Salvia, as you may know, is a legal hallucinogenic drug that has been making something of a storm lately: the media love it because it gives them something to write about; the politicians love it because it gives them something to ban; people love it because it’s great. This short article will provide some basic facts about this member of the sage family (see? I’ve started with the fun facts already!) and hopefully will give you something to talk about with your friends.

Origin
Salvia hails from Southern Mexico. More specifically it comes from the Sierra Mazatec region of the country. Salvia has only just been recently documented in any serious way but it is thought that the use of the drug was fairly well constrained to these areas.

History
Salvia has traditionally been popular with the Shamans of tribes in the Sierra Mazatec region; the Shamans use it to try and induce some kind of spiritual journey. Whether you equate hallucinogenic experiences with your spiritual side is a matter of taste, I suppose. More recently people in the US — and across the world — have simply used it to get really high. The first record of Salvia Divinorum as apsychedelic drug in Western literature was in 1939 by scientist and explorer Jean Basset Johnston. Johnston was studying the psilocybin mushroom which was (and is) used in Mexico, specifically among the Mazatecs.
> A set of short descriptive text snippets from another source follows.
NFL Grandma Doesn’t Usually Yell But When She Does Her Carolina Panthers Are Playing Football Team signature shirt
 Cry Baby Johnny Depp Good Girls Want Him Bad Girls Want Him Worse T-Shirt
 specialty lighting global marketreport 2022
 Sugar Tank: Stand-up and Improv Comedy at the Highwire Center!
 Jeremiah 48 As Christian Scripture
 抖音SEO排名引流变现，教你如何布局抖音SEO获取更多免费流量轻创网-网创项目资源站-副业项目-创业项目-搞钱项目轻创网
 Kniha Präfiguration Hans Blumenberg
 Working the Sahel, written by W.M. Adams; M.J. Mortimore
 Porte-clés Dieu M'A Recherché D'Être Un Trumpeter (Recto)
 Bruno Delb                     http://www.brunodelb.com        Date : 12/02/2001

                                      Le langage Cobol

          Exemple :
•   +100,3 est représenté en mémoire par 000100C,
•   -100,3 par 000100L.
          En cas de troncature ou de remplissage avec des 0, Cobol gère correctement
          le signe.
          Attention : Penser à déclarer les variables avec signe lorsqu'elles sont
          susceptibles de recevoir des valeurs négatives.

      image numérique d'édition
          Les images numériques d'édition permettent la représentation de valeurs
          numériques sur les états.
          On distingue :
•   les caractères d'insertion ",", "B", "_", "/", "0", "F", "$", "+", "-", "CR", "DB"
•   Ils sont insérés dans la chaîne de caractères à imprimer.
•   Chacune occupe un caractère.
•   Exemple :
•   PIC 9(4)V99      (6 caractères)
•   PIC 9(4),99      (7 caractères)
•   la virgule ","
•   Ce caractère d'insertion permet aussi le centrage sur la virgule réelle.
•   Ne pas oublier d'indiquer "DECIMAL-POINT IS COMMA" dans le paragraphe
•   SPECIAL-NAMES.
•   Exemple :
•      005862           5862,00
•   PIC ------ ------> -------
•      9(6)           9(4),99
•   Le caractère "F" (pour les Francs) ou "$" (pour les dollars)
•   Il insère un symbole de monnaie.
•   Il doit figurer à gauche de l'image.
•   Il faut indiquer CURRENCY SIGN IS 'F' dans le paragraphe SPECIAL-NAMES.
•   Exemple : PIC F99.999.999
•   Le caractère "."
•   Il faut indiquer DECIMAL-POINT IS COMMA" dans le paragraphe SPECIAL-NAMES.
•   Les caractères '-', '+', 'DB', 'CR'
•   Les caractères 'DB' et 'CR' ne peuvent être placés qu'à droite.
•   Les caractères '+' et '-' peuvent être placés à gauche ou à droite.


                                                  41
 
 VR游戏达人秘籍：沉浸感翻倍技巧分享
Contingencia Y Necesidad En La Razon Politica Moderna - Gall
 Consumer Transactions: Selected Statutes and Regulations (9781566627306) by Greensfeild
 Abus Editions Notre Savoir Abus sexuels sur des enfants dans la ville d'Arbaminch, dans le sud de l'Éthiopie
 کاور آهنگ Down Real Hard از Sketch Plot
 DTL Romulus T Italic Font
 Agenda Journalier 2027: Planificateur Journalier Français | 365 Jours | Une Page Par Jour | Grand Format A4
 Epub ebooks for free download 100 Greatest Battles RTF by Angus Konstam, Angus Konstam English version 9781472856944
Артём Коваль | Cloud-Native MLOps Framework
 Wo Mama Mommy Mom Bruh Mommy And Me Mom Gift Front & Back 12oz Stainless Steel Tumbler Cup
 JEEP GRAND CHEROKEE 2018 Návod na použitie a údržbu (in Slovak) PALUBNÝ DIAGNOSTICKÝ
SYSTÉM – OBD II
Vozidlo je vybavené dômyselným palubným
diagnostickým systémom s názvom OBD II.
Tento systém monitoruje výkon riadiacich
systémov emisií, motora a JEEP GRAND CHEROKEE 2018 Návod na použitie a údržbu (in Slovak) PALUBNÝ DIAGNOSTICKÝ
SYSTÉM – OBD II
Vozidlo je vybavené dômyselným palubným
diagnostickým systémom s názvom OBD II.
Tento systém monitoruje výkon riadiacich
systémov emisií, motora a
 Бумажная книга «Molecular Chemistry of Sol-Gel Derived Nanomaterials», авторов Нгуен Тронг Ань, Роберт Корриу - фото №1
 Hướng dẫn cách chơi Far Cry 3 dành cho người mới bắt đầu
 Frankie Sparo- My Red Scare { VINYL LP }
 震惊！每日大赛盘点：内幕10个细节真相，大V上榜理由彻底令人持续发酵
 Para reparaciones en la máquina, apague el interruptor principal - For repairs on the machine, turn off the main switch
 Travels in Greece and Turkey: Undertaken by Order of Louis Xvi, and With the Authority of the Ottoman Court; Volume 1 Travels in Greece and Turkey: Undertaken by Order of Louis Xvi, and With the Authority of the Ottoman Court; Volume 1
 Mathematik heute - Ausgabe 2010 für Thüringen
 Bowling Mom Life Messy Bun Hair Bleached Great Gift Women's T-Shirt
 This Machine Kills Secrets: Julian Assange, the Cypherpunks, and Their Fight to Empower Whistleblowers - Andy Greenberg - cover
While studying the mushroom he noticed Salvia been used by the Mazatecs (though it was not always obvious since their methods of taking the drug — drinking it and chewing the leaves — are usually fairly innocuous).

Aliases
Salvia Divinorum (to give it its full name) is also known as Sally D, Ska Pastora, Shepherdess’s Herb, ska Maria Pastora, yerba de Maria, Diviner’s Sage, Diviner’s Mint, and some other more silly titles.